* [WORK TO BE COMPLETED] Please find the lines in the following records that hold "Price", and copy them.

* [DATA FOR THIS TASK]
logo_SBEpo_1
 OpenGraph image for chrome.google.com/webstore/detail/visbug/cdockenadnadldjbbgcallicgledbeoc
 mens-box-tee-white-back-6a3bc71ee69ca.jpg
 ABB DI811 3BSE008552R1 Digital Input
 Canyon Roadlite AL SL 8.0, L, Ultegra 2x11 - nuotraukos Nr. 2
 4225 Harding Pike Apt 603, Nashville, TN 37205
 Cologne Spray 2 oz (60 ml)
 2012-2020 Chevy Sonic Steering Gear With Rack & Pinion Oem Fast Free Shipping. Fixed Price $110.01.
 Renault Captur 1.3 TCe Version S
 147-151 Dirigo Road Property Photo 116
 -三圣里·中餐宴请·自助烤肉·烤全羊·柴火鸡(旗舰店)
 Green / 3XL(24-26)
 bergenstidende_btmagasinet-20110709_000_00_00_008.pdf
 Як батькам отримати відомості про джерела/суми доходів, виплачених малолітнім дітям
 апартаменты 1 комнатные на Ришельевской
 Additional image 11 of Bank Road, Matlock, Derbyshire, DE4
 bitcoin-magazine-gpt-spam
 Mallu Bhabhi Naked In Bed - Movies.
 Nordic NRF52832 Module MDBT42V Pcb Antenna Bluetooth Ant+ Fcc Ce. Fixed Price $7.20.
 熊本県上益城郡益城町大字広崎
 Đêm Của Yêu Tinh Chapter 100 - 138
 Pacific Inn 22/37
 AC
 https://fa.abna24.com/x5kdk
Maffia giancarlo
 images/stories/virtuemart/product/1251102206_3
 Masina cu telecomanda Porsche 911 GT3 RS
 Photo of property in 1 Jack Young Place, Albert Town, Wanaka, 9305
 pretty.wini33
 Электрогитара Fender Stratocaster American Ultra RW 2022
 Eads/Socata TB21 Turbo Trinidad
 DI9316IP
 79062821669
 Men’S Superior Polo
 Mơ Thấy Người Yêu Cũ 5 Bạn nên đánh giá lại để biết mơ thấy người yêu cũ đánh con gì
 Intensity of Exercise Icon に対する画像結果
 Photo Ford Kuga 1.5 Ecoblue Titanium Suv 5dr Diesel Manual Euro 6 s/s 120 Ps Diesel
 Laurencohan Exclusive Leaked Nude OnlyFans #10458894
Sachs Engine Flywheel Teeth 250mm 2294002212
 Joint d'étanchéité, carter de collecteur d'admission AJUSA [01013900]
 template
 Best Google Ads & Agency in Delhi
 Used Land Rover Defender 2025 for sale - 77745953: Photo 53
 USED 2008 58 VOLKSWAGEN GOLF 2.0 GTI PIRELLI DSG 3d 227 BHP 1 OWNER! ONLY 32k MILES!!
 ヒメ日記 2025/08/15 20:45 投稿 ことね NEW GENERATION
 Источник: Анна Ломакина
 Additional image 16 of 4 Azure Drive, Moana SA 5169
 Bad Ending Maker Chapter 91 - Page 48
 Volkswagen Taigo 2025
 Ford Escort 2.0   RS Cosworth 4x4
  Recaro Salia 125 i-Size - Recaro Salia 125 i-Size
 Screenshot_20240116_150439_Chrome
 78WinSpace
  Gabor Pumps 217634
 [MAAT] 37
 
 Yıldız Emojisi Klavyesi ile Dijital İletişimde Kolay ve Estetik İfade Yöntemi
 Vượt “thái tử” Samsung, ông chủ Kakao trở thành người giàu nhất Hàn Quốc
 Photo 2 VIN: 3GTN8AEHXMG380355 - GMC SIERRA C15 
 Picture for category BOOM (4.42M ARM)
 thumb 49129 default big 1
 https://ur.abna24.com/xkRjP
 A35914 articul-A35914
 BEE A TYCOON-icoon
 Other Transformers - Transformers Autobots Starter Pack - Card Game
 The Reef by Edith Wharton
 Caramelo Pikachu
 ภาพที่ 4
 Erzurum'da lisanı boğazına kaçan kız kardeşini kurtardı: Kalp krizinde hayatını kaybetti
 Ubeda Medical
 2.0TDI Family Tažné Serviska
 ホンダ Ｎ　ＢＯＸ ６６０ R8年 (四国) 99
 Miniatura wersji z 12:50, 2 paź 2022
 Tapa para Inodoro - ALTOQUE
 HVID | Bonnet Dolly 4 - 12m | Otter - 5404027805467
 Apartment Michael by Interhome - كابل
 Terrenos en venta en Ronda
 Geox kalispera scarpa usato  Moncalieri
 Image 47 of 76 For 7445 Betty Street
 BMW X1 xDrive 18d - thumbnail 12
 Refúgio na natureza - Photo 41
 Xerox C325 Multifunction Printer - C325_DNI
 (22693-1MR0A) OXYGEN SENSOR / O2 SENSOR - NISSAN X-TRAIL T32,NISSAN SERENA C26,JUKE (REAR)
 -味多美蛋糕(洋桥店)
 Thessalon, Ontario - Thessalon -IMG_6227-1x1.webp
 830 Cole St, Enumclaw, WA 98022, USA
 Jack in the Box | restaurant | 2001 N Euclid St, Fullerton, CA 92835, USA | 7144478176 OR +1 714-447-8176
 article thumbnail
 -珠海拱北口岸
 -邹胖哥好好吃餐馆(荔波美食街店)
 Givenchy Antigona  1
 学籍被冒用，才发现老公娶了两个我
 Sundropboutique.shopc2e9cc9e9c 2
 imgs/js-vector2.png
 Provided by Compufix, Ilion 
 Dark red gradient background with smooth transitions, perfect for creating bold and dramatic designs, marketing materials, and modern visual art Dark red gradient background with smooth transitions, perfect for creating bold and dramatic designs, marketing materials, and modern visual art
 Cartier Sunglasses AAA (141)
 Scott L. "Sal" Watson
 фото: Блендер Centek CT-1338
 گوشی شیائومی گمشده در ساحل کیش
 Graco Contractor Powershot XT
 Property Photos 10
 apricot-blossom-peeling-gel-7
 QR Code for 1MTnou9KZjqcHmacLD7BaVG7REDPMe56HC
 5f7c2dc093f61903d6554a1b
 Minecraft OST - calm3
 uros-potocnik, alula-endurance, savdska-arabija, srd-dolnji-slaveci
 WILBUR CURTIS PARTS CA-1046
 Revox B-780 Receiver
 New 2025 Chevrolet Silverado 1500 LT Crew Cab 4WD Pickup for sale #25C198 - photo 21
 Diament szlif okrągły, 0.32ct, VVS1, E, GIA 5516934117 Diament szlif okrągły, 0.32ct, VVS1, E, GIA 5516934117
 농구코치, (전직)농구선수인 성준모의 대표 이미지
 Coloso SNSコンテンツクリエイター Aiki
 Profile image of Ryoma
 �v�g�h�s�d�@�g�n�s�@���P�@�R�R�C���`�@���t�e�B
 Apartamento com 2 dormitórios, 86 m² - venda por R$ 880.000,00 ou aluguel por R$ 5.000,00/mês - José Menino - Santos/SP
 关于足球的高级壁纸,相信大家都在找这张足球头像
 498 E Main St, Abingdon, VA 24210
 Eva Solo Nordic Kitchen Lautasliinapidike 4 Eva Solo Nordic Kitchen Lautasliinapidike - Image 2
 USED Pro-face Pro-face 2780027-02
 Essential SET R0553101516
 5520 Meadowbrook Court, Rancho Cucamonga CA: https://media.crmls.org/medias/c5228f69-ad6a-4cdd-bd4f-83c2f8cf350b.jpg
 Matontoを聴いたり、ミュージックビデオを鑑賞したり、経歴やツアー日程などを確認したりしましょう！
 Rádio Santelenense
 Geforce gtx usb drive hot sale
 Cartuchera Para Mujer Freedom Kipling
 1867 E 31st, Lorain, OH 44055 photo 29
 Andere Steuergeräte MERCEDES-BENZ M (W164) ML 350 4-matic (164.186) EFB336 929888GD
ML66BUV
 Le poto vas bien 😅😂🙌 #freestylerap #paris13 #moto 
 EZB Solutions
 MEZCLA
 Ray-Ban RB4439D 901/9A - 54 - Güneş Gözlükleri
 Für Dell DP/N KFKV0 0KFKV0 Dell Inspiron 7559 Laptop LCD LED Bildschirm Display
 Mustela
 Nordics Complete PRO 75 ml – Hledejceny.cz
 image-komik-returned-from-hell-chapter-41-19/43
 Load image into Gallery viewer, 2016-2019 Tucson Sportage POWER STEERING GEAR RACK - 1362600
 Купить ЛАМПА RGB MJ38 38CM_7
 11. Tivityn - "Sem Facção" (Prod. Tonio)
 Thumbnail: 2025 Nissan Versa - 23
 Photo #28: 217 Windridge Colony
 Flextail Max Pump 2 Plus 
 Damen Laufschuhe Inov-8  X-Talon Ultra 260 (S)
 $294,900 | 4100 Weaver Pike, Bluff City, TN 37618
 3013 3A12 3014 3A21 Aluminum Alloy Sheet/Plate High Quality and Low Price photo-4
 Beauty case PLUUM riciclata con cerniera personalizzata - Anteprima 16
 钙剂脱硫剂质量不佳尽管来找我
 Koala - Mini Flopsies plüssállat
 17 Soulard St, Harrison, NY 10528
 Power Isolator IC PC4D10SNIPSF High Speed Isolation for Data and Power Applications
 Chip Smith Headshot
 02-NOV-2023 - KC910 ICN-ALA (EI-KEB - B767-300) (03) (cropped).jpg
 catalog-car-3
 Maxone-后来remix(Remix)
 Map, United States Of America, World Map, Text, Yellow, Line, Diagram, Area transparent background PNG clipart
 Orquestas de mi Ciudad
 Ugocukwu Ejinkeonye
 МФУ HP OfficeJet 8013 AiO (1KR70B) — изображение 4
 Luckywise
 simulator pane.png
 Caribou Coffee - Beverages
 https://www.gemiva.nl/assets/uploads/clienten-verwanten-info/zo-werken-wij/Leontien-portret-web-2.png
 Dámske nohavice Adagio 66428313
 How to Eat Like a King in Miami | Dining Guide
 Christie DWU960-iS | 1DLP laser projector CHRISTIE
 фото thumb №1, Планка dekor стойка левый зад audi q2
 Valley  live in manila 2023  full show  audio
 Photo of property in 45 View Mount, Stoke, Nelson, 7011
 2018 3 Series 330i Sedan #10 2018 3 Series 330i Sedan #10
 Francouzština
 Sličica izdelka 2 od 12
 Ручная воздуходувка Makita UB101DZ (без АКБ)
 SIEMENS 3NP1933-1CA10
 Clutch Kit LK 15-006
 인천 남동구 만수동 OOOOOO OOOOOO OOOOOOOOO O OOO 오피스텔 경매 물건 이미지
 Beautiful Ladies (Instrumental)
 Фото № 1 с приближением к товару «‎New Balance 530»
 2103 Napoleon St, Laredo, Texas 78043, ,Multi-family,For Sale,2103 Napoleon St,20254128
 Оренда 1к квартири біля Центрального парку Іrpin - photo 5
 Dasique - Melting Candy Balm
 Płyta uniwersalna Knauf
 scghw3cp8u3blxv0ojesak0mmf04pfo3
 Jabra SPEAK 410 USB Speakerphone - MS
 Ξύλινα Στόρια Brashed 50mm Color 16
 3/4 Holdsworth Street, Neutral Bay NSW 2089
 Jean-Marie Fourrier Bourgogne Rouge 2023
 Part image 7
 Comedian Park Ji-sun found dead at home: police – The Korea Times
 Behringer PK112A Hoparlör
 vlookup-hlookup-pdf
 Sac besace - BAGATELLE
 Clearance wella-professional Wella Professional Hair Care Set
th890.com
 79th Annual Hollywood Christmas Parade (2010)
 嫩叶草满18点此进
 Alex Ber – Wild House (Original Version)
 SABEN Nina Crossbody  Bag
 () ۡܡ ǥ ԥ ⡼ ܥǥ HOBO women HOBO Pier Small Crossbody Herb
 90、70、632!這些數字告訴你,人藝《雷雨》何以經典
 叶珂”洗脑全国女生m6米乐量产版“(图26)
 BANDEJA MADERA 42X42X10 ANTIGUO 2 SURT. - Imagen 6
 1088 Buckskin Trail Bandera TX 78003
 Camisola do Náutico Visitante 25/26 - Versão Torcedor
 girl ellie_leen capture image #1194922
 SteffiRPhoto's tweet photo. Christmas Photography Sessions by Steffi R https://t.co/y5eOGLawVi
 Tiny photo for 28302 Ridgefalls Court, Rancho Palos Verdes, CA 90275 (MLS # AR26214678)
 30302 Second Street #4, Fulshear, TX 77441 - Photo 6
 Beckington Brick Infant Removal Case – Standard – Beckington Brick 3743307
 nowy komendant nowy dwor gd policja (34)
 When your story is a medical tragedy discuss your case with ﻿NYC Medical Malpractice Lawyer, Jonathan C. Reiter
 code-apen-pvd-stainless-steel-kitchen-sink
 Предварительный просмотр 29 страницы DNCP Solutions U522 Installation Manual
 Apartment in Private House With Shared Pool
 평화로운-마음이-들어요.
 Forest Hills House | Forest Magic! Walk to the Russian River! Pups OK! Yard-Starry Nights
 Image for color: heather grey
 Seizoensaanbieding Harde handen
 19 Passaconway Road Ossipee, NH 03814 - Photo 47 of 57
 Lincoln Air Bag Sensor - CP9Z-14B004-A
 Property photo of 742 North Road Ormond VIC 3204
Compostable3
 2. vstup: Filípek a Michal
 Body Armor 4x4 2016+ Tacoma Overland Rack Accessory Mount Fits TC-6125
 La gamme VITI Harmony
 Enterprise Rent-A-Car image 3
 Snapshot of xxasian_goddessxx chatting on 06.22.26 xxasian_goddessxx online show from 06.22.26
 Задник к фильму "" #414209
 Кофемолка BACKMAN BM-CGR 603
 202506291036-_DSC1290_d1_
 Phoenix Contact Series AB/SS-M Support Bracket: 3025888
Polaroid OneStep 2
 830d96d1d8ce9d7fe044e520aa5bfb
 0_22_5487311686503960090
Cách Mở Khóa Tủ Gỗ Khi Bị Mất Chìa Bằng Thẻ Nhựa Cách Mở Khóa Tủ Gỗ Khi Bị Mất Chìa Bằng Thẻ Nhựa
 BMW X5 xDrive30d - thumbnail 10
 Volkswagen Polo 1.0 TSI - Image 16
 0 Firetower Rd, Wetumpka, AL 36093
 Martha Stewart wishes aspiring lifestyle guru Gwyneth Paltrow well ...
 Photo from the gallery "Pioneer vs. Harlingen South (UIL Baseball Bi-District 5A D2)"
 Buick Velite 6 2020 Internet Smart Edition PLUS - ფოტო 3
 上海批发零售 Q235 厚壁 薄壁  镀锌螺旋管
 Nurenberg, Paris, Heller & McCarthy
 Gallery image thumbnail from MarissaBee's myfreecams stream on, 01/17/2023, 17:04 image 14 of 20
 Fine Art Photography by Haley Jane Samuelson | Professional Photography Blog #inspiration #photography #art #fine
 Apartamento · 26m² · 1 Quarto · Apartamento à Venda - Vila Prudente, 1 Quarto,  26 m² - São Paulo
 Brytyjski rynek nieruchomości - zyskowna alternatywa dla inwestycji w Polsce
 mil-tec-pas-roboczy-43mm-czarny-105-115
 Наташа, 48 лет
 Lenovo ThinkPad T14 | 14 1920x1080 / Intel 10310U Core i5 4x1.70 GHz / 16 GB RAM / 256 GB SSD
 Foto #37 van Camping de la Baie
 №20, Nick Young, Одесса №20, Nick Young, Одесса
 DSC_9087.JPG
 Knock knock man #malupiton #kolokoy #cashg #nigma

* [RESULT FOR THIS TASK]
 2012-2020 Chevy Sonic Steering Gear With Rack & Pinion Oem Fast Free Shipping. Fixed Price $110.01.
 Nordic NRF52832 Module MDBT42V Pcb Antenna Bluetooth Ant+ Fcc Ce. Fixed Price $7.20.
 3013 3A12 3014 3A21 Aluminum Alloy Sheet/Plate High Quality and Low Price photo-4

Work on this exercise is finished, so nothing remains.